Problem description
Return the full listing unchanged, apart from leaving out its images.

Dataset records
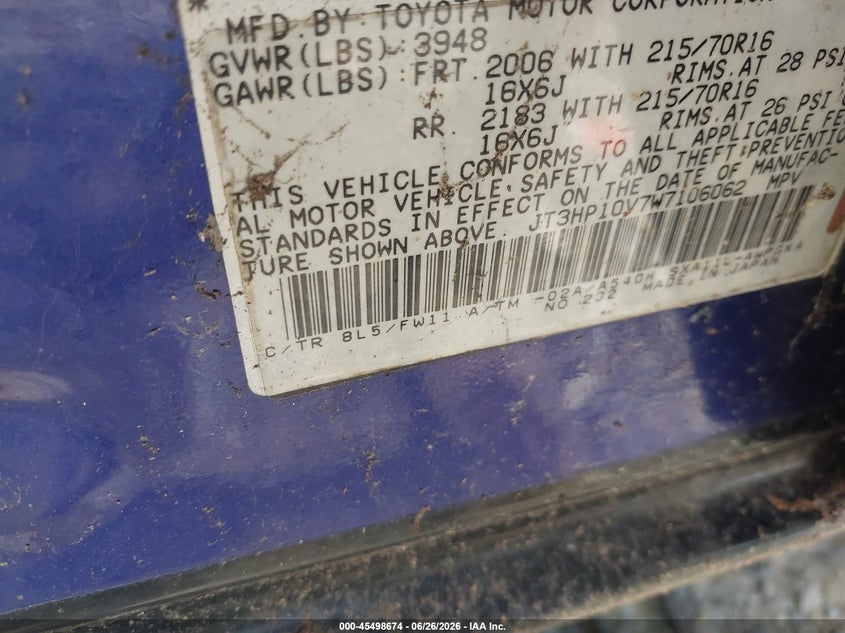 1998 Toyota Rav4 VIN JT3HP10V7W7106062 IAAI salvage auction — NORMAL WEAR, Clear (Virginia), sold $325 on 2026-07-13 (photo 9)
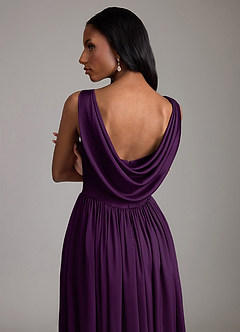 Azazie Novi Bridesmaid Dresses Grape A-Line with Pockets Stretch Satin Dress image4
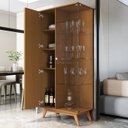 Ver imagem 6 de Cristaleira com Lateral e Porta Ripada Jb Açaí Vidro Temp 4mm e Pés e Travessas em Madeira Maciça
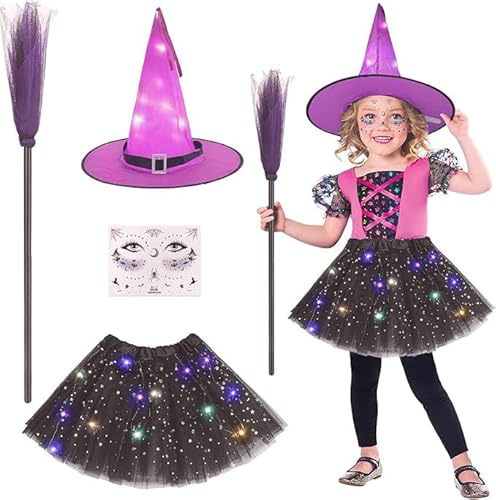 23GUANYI Halloween Hexenkostüm Leuchtende Hexen Kostüm für Halloween Party (Rosa) von 23GUANYI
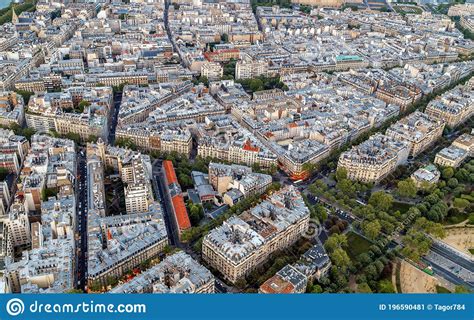 Paris France Aerial View Of Paris Roofs And Streets From Eiffel Tower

Reply
 1998 Toyota Rav4 VIN JT3HP10V7W7106062 IAAI salvage auction — NORMAL WEAR, Clear (Virginia), sold $325 on 2026-07-13 (photo 9)
 Azazie Novi Bridesmaid Dresses Grape A-Line with Pockets Stretch Satin Dress image4
 Ver imagem 6 de Cristaleira com Lateral e Porta Ripada Jb Açaí Vidro Temp 4mm e Pés e Travessas em Madeira Maciça
 23GUANYI Halloween Hexenkostüm Leuchtende Hexen Kostüm für Halloween Party (Rosa) von 23GUANYI
 Paris France Aerial View Of Paris Roofs And Streets From Eiffel Tower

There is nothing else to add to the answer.